The Framework for the Investment Contract Analysis of Digital Assets by the SEC’s Strategic Hub for Innovation and Financial Technology (FinHub) formalized this idea by concluding that if a person has a reasonable expectation of profit from an uncoordinated and wide range of people–the protocol is sufficiently decentralized and thus, not an investment contract subject to SEC registration and jurisdiction.
Sufficient Decentralization and Mass Adoption
Achieving sufficient decentralization requires protocols to decentralize their off-chain activities and ensure the initial development team’s efforts do not cause crypto-asset holders to reasonably expect profits as a consequence of those efforts. To promote decentralization, founders and developers can maintain open source and allow for easy public integration with original protocols. This enables community members outside the initial developers to modify and build on top of the primary protocol. Also, implementing a distributed governance system would further decentralize the protocol by providing asset holders with voting rights and the ability to suggest or reject different proposals, ranging from project implementations to marketing strategies. Furthermore, to achieve sufficient decentralization a protocol could split responsibilities, such as development and governance, into different subDAOs and ensure these subDAOs are as independent from each other as possible.
While reaching sufficient decentralization is necessary to avoid the obligation to register as a security, balancing decentralization and efficiency is most likely needed to reach mass adoption, at least sooner rather than later. But the more decentralized a protocol becomes the higher likelihood of inefficiencies from a managerial and development standpoint. In a more centralized protocol, reaching consensus can be more efficient because only a handful of participants must agree. Decentralized systems, however, carry a higher likelihood for disagreements, slowing down the decision making process. This can increase convolution depending on the amount of different subDAOs a protocol has as well.
While the average blockchain protocol user is likely technologically savvy, one of the greatest barriers of entry to the space remains the usability and educational threshold of projects and tools. For mass adoption to occur, the usability of software wallets, staking mechanisms, and other decentralized applications must improve. Therefore, it is advantageous to balance decentralization and efficiency to more quickly reach these technological requirements, thus pushing web3 closer to mass adoption. Blockchain idealists may fear sacrificing any amount of decentralization for efficiency, but it may be necessary for web3 to preserve its ability to provide decentralized finance as the space grows.

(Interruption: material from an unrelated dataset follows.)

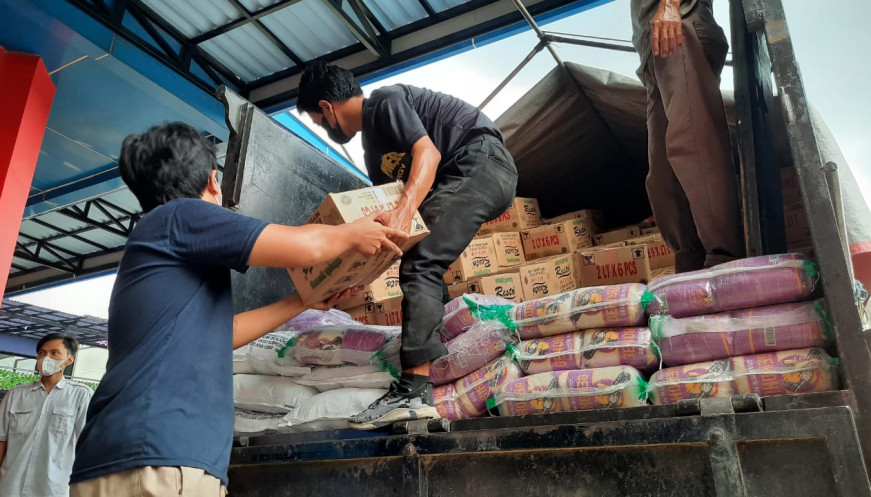 Dinas Perindustrian dan perdagangan Kabupaten Tangerang memastikan tidak ada operasi pasar dalam menyikapi kelangkaan minyak goreng di Kabupaten Tangerang.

Furthermore, if slower decentralized protocols continue struggling to develop the technology required to scale, the potential for centralized, legacy companies to step in and provide these solutions increases, resulting in the erosion of blockchain idealism and the disintegration of Web3 community goals of censorship resistance. Ultimately, decentralization is essential to the values of Web3 and the utility it can provide, but it is important to strike a balance of decentralization and efficiency for the blockchain to reach mass adoption.